You know, if I’m ever caught up in a hostage situation like in Die Hard, or if I’m in tower that somehow becomes an inferno, or if I’m in any kind of perilous situation which looks like there’s no possible way out, I hope Olivier Giroud is there with me.
While all around me will be panicking and going mental I’ll be as cool as a cucumber that has been left out in the cold but is also like the Fonz in terms of his all-round coolness and not simply his temperature. I’ll be just chilled as chilled can be and the crazy people, some of whom will die because that’s what happens in these films/real life situations, will be confused to the point of intense irritation.
“WE’RE ALL GONNA DIE!”, will scream that one guy who is probably like the dude in Aliens who basically brings it on himself with his foreshadowing and cowardice.
“WHY ARE YOU SO CALM AND COLLECTED?”, he’ll shout at me and I’ll be all, ‘Man, relax’, and he’ll be all, “RELAX?! ARE YOU OUT OF YOUR MIND. YOU JUST SAW THEM TAKE TREVOR TO THE ROOF WHERE THEY SET HIS BALLS ON FIRE AND THEN THEN THREW HIM OFF. HE WAS BASICALLY A HUMAN FIREWORK. I DON’T WANT TO GO OUT LIKE A KATY PERRY SONG. SHE HAS AN INCREDIBLY IRRITATING SINGING VOICE, WHY DO PEOPLE BUY HER RECORDS?”
Nothing I say will make any difference, but in my head I’ll be thinking, “It’s grand, Olivier Giroud has got this.”

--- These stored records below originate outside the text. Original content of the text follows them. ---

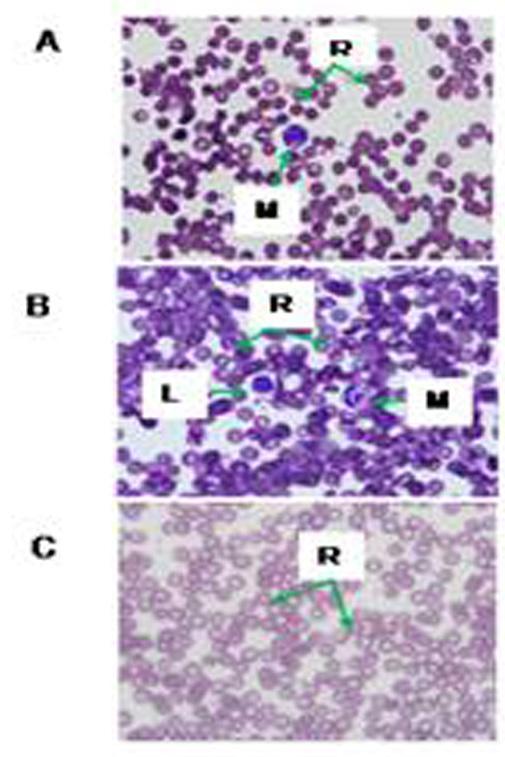 001). Figure 5 Blood films of acutely infected rat at 21 days after infection with B. abortus biotype 1 (A), subacutely infected rats at 90 days after infection with B.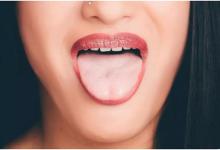 身體好不好，看舌頭就知道！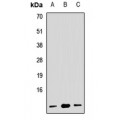 LifeSab™ RPL19 Rabbit pAb (50 µl)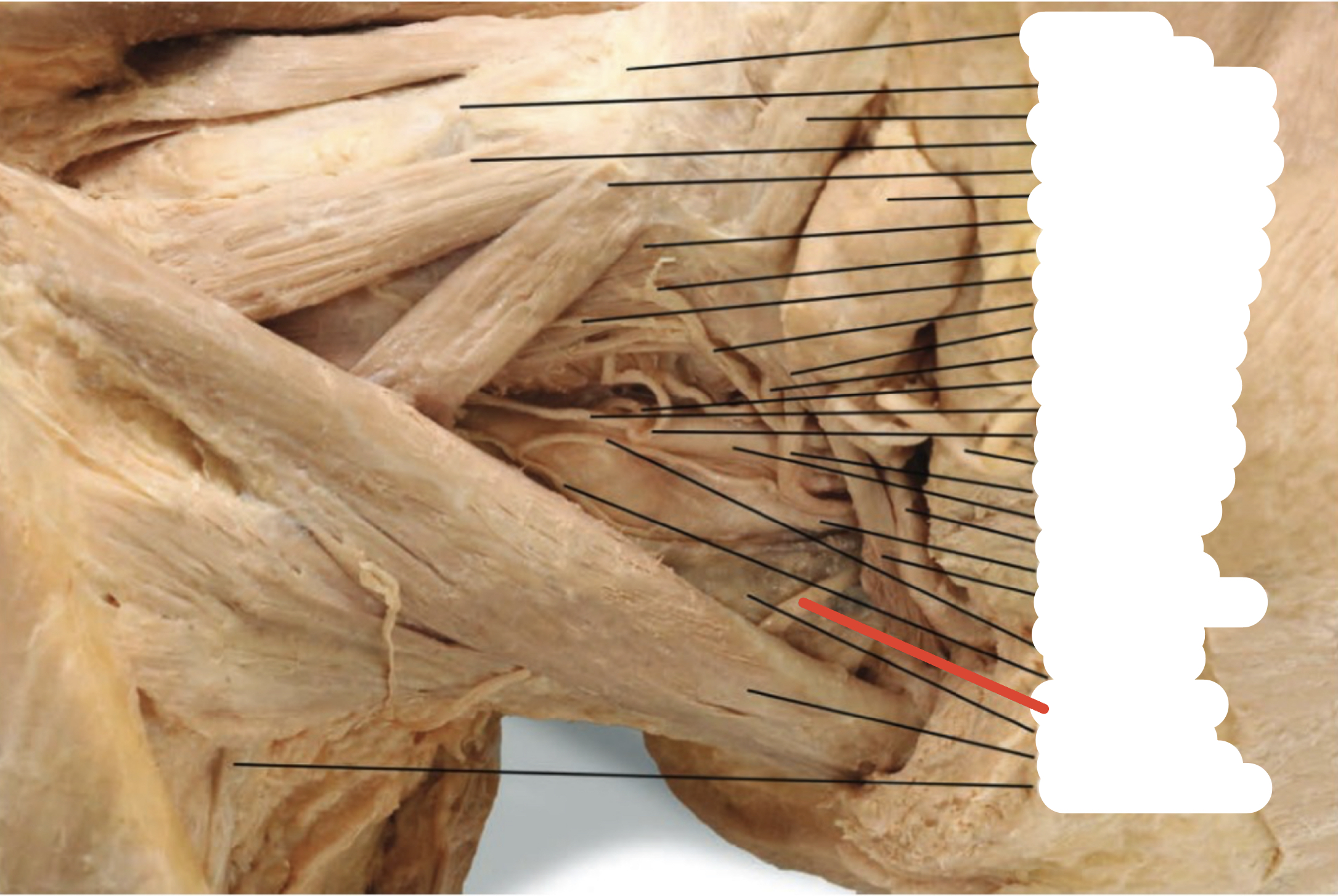 Identify the structure (red line)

Just as things look beyond redemption, when there’s no hope, when shouty bloke has had his own goolies set alight before being cast to his fiery death, the OG will come up with something to get us out of the shit. I don’t know quite what. Perhaps he’ll dazzle them with his handsomeness, or whip out a gun that he’s been craftily hiding in his beard, but he’ll do away with the baddies just in the nick of time and then when the emergency services come we’ll light a cigarette as we sit on the back of an ambulance, cracking wise before we all live happily ever after.
And so it was last night in the post-apocalyptic wastlelands of Preston, a former town somewhere in England. Arsenal were drawing 1-1 and it looked as if we’d have to face that most FA Cup of things – a replay. But no, right at the death Aaron Ramsey aimed a ball into their box. Giroud, removing the craftily hidden weapon from his Captain Haddock-esque facial hair, nodded the ball on.

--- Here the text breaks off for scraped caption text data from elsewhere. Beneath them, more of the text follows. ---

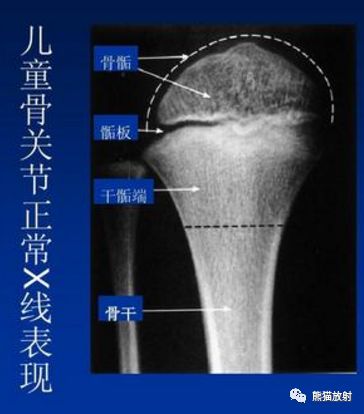 骺板又名生长板,位于骨骺与干骺端之间,是一种薄板波浪状的软骨组织.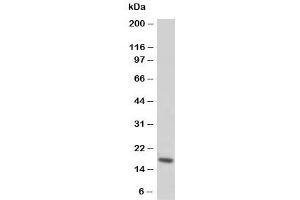 Western blot testing of Troponin C antibody and rat skeletal muscle tissue lysate (TNNC1 anticorps  (N-Term))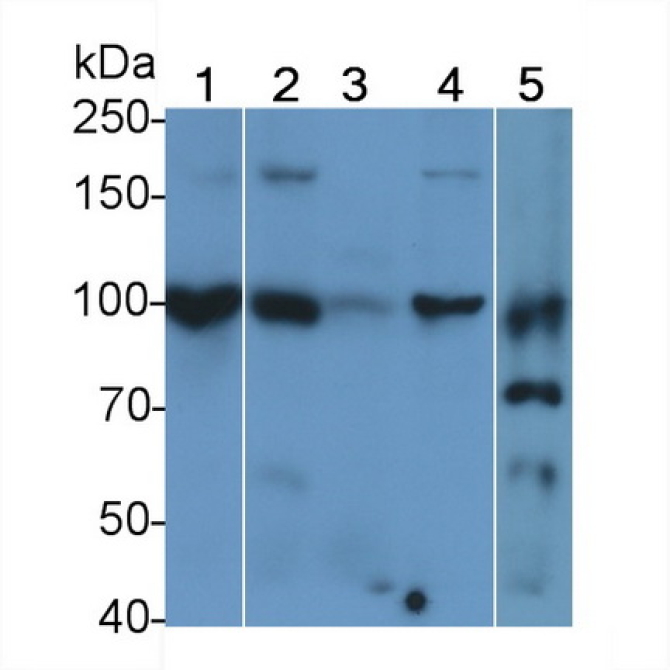 E-cadherin Human Polyclonal Antibody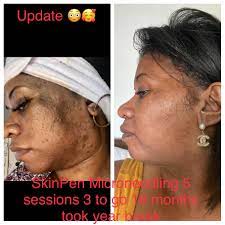 B A My Microneedling Journey Update Photo Hyperpigmentation And Severe Acne Scarring Skincareaddiction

Lucas Perez, his buccaneering Spanish sidekick, latched onto it and back-heeled it into the path of our leading man who somehow bundled the ball into the back of the net to make it 2-1. The villains were distraught, that one little guy – the number 4 who was given licence to go around the pitch and boot everybody at will – seemed particularly unhappy. Perhaps it was because he had cramp, perhaps it was because he’s just a tiny little Napoleon syndrome prick, but who cares?!
With his fourth goal in four games, Giroud rescued us and sent us into the fourth round of the cup. And look at the times of those goals.
West Brom – 86′
Crystal Palace – 17′ (showboating just for variety)
Bournemouth – 92′
Preston – 89′
Take me in your late-scoring arms and hold me, Olivier. I still think you should be dropped for Alexis, but you’ll always be a hero to me, dammit (until some time in March when you have the chance to score the winner against Bayern to take us into the next round of the Champions League but because it was in the 63rd minute you’re just not willing to do it and afterwards we’ll be sad that the chance didn’t come later in the game).

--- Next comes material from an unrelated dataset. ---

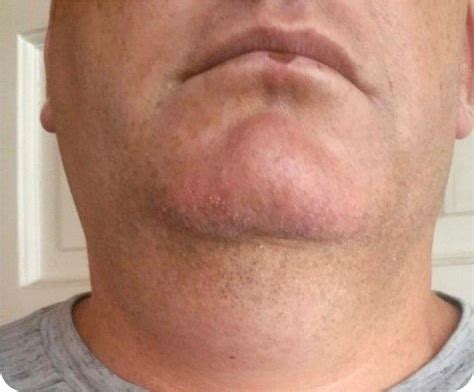 Prevention of Swollen Lymph Nodes Under the Jaw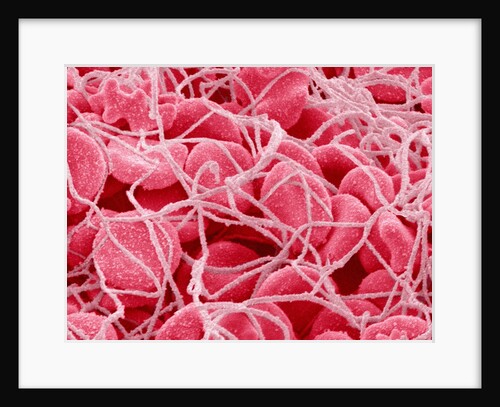 Coagulated Red Blood Cells by Anonymous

Anyway, Ramsey scored his first goal of the season and it was a very nice goal too. He cracked it in from outside the box very early in a second half that we completely dominated. Preston didn’t even have a shot, mostly because they’d use them all up in a first half in which we were basically a big bag of shit.
I suppose someone who writes for a living and writes about football every day of his life should have the words to describe how bad we were, but I’m struggling this morning. It was awful, abject, appalling, abysmal and abhorrent. Wait until I get to the letter B in my thesaurus [I always pronounce this as The Saurus, as in – “Can you think of another word for that?’ – “Hang on, I’ll go check The Saurus, it’s a remarkably handy tome!”].
Starting games that slowly is, I think you’d all agree, a bad thing. It would be great if the manager could have a quick word with the chaps beforehand and say, ‘Here’s an idea, let’s not play like disinterested twats for the first 45 minutes’, I think that might have a positive effect. On the one hand it would deprive our hirsute hero the chance to save our bacon, but we can always go down the shops and buy some bacon for ourselves as we enjoy what was a more comfortable victory.
Still, nobody ever said the third round of the cup should be easy. Particularly not that guy who thinks the FA Cup is a load of old bollocks but was unfathomably angry when it looked as if we were going to get knocked out. Into the next round we go and here we are smoking a Marlboro or a Camel on the back of an ambulance thanks to Olivier Giroud.